Tibet platosu’nda 40.000 yıllık taş iğneler keşfedildi: Dünyanın en eski örnekleri

Tibet Platosu’nda keşfedilen 9.000 yıllık taş iğnelerin, sert kumaşların dikiminde veya süs olarak kullanıldığı düşünülüyor.

Tibet platosu’nda 40.000 yıllık taş iğneler keşfedildi: Dünyanın en eski örnekleri
Yayınlama: 25.06.2024
A+
A-

2020 yılında Batı Tibet’teki Xiada Co Gölü kıyısında kazı yapan arkeologlar, 3 ila 4 cm uzunluğunda altı sıra dışı taş eser buldular. Bu eserlerin bir ucu sivri, diğer ucunda ise göze benzeyen bir açıklık vardı. Sichuan Üniversitesi’nden yüksek lisans öğrencisi Yun Chen, bu eserlerin kalın dikiş iğnelerine benzediğini belirtti ve “Güzellikleri karşısında şok oldum,” dedi.

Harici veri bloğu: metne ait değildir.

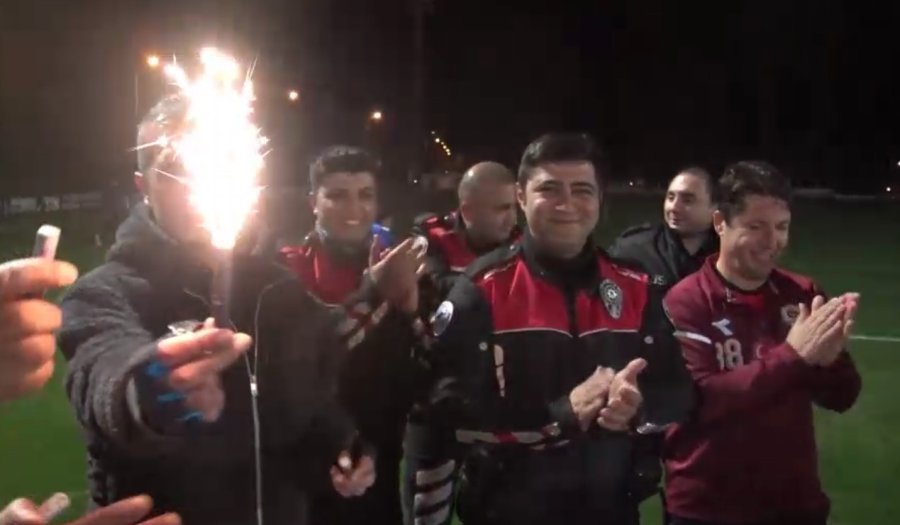 "antrenmanda Kavga Var" İhbarına Geldiler, Meşaleler Eşliğinde Pastayı Görünce Şaşırdılar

Chen ve meslektaşlarının yayımladığı yeni çalışmaya göre, bu taş eserler gerçekten de 9.000 yıllık dikiş iğneleri olup, kayıtlara geçen en eski taş iğneler olarak değerlendiriliyor. Bu buluntu, Tibet Platosu’ndaki zorlu iklim koşullarıyla mücadele eden eski insanların hayatta kalma becerilerini gözler önüne seriyor.

Arizona Üniversitesi’nden arkeolog Edward Jolie, bu çalışmayı “ilginç ve hoş” olarak nitelendiriyor, ancak bazı uzmanlar bu nesnelerin gerçekten iğne olup olmadığı konusunda hemfikir değil. “Gözlü” iğnelerin insan uygarlığı için bir dönüm noktası olduğunu belirten Jolie, bu buluntuların atalarımızın dayanıklı giysiler ve barınaklar yapmasına yardımcı olduğunu vurguluyor.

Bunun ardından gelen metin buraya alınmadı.